Postby reddy4it77 » 24 Sep 2018 11:49
I am a long-time, loyal user of VLC. It's the first thing I install on my PC or anyone else's, if I'm installing an OS for them... and this issue in the Windows version is the ONE THING I can't stand about VLC. This bug (yes, bug) has driven me crazy, for years, and continues to do so. It's insane that that this problem has never been fixed. The behavior that is being described/requested here is not special or novel or unusual or quirky, and it should not be controversial -- it is how virtually ALL other software works in Windows and virtually every other modern windowed OS. We're talking about a standard UI behavior convention that users expect, and when it doesn't behave that way, it feels conspicuously broken. That qualifies this as a bug, not a feature request.
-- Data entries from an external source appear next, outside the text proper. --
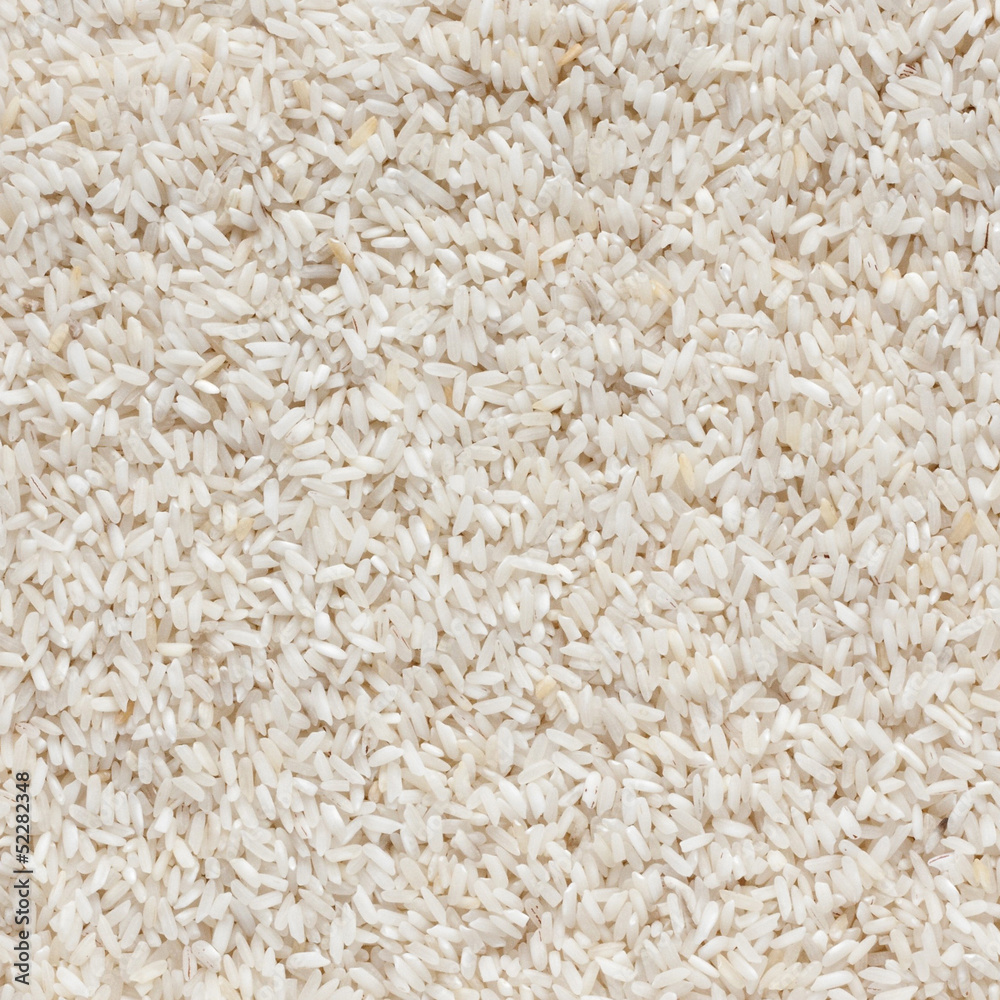 White long rice background, uncooked raw cereals White long rice background, uncooked raw cereals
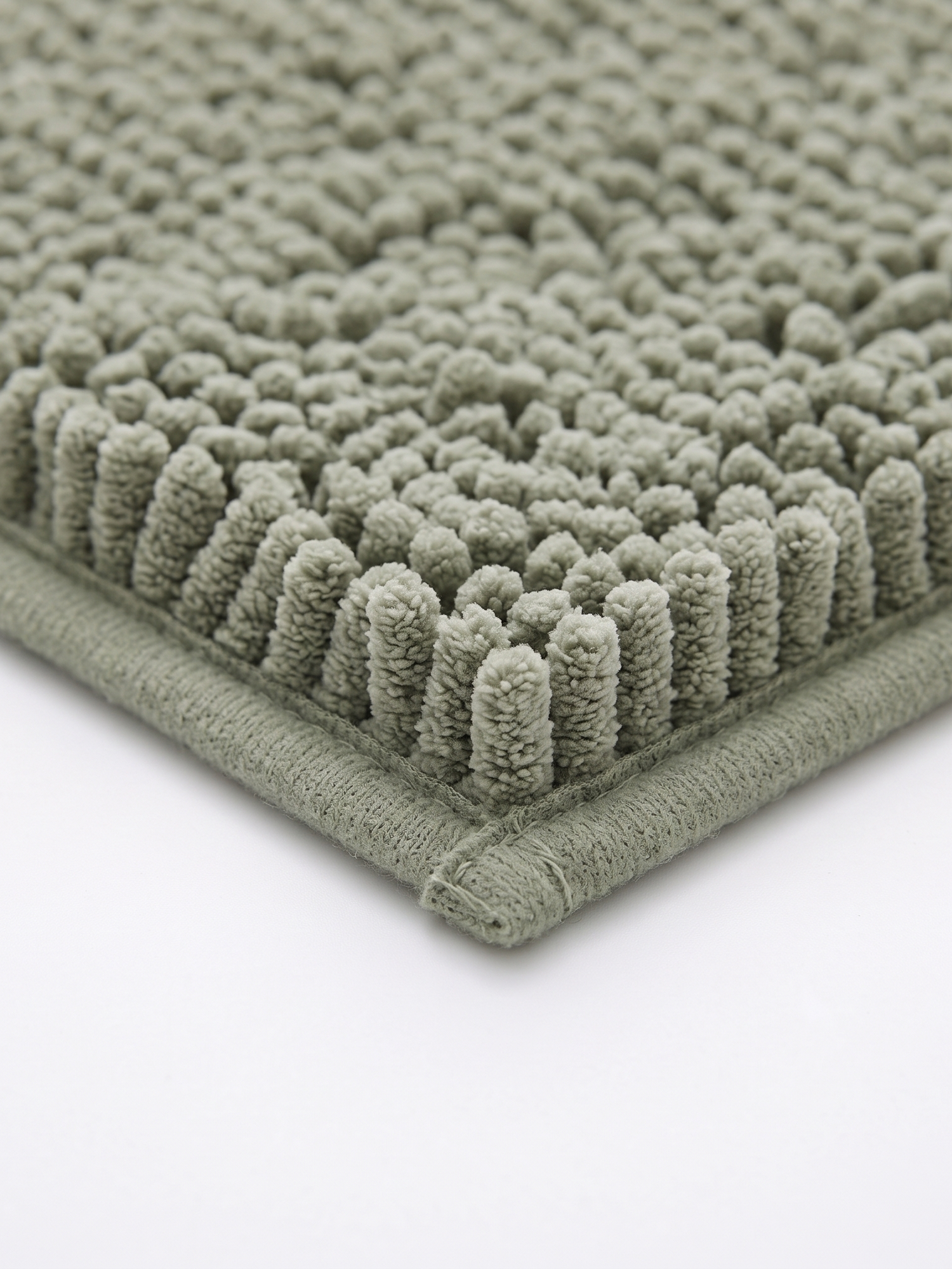 Pebble bath mat bound edge, close-up on white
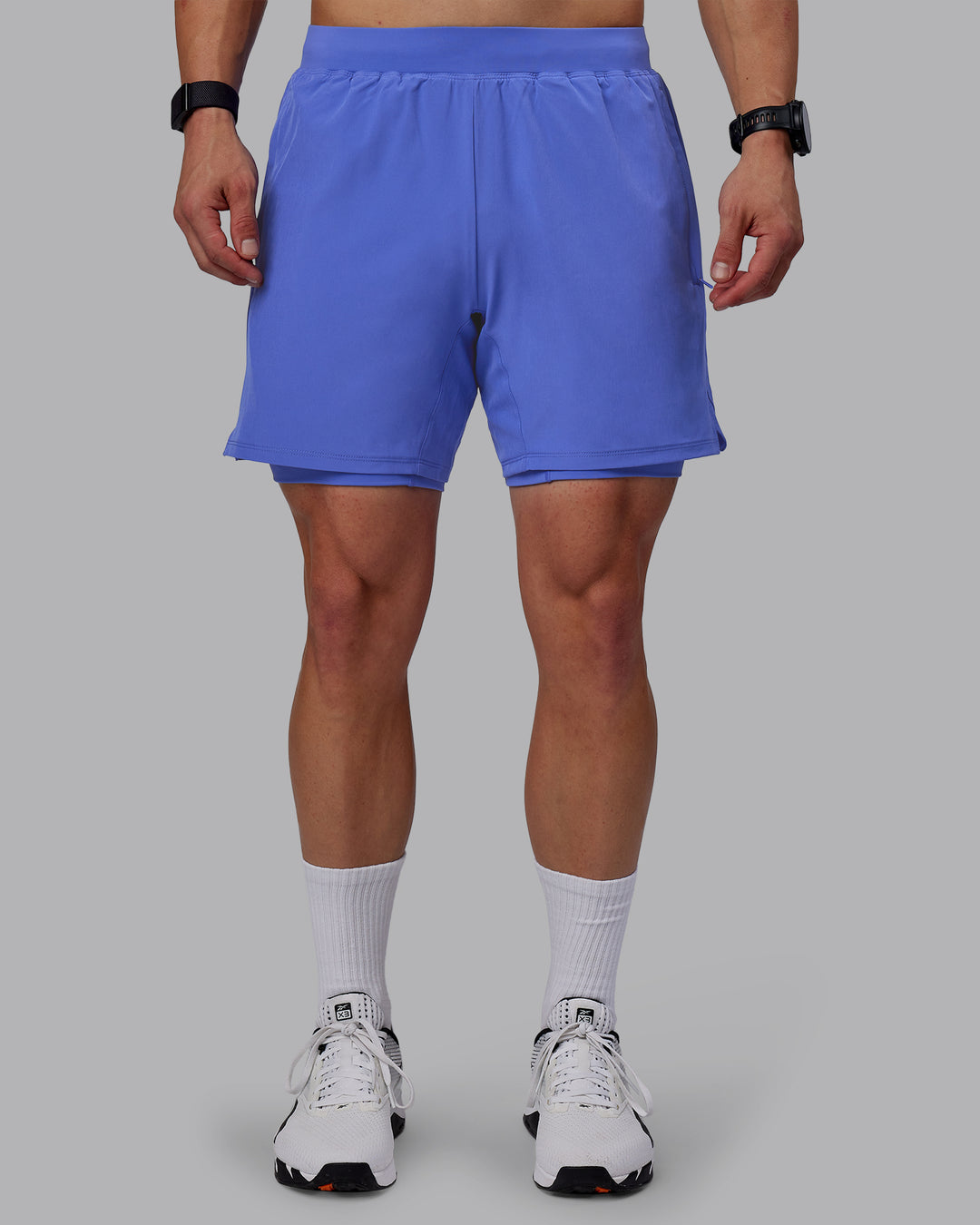 Man wearing Challenger 6&quot; Lined Performance Shorts - Baja Blue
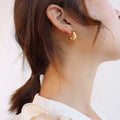 Crossed Twist C-Shape Hoop Earrings In Gold Or Silver Tone view 6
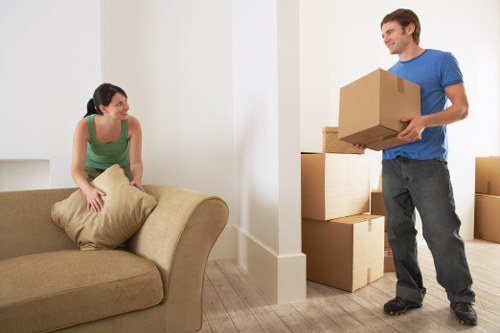 Professional movers handling a flat removal in Fulham with stairs and tight access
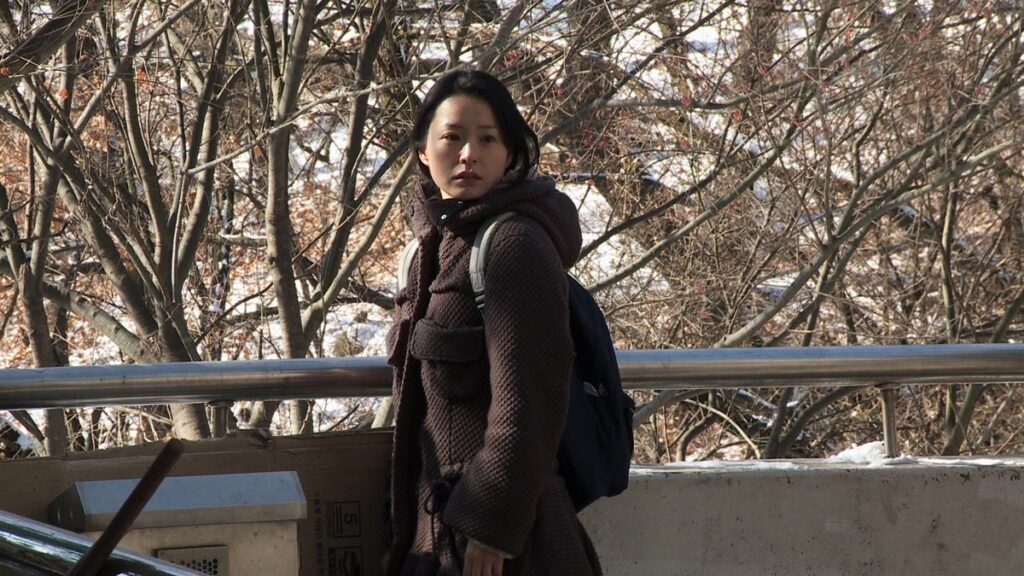 Oki’s Movie | Hong Sang-soo Park Hyo-joo in Oki's Movie. Still from Hong Sang-soo's film. Woman in winter coat with trees in background.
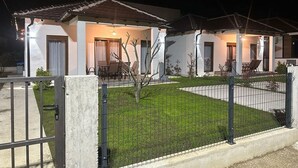 Uma casa de dois andares com um gramado bem cuidado e uma cerca de metal.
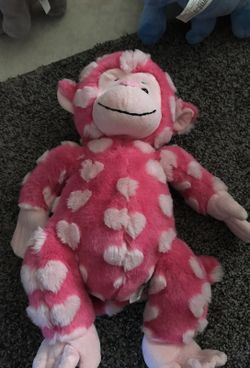 Stuffed Monkey with hearts all over it.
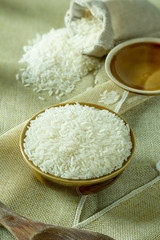 Uncooked dry Thai jasmine rice in bowl is isolated and burlap bag with lid of bowl, wooden ladle put on brown fabric, warm tone and vertical view.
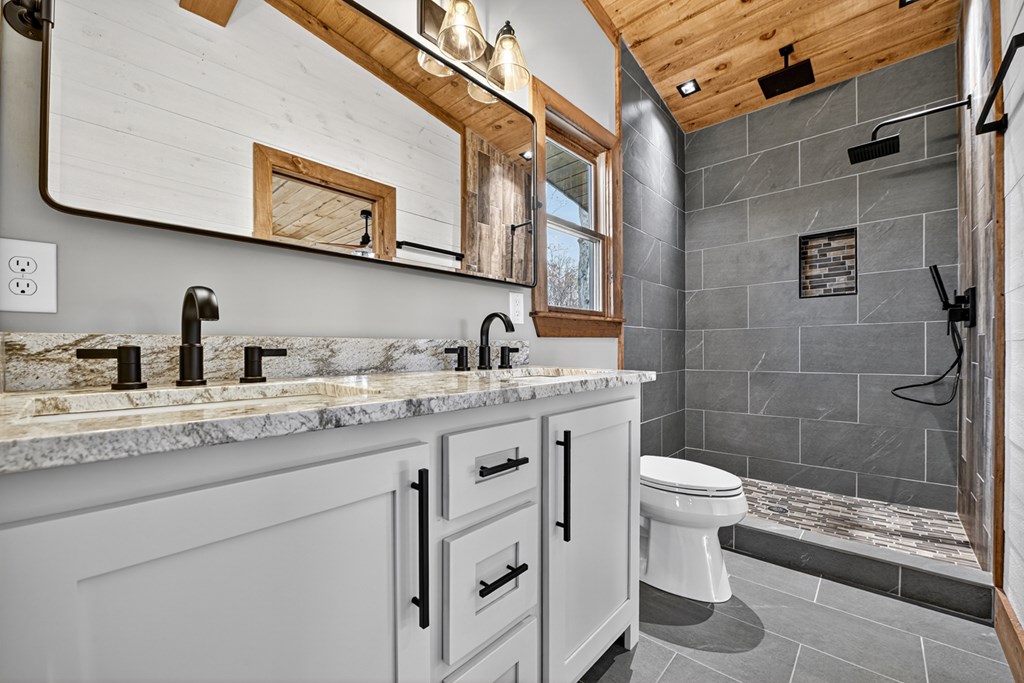 22 Mountain Trace Cherry Log, GA 30522 - Photo 33 of 49 a bathroom with a granite countertop sink toilet and shower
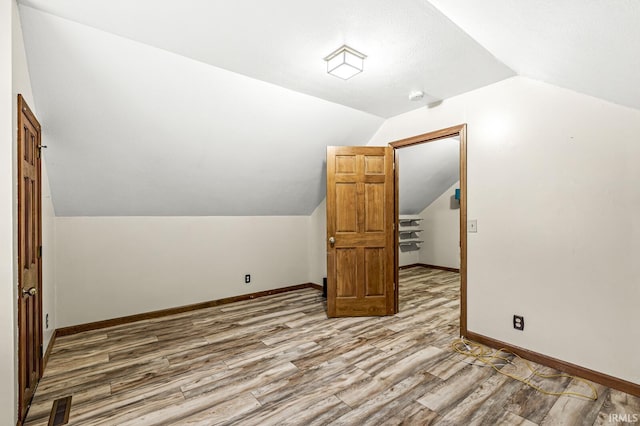 bonus room with lofted ceiling, visible vents, baseboards, and wood finished floors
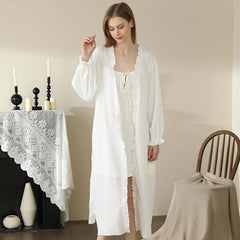 Woman wearing long white cotton lace robe, standing in a cozy room with minimal decor, perfect for home wear and loungewear.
To be clear (though I am repeating what others have already clearly articulated), the following is how VLC should behave, because it is how VIRTUALLY EVERY OTHER software title behaves: When an external action causes a file to open in a program window (for example, double-clicking a file in Windows Explorer to open it), the program window in which that file loads is normally brought to the foreground, regardless if it is a new window or an existing one. Or, at the very least, if it loads into an existing background window, or if it was already open, some programs will cause the corresponding taskbar button to flash, or call attention to itself in some fashion, to alert the user. VLC does behave as expected, but only if VLC was not already open. If VLC was already open, the file loads and starts playing, but the player window remains in the background behind other windows, and there is often no visual indication that anything has happened at all, unless the background window is partially visible. To the end-user, they double-clicked a file and expected it to open, but (absent any audio cues,) it appears as if nothing happened. That's a bug, that should be fixed. Please! Thank you.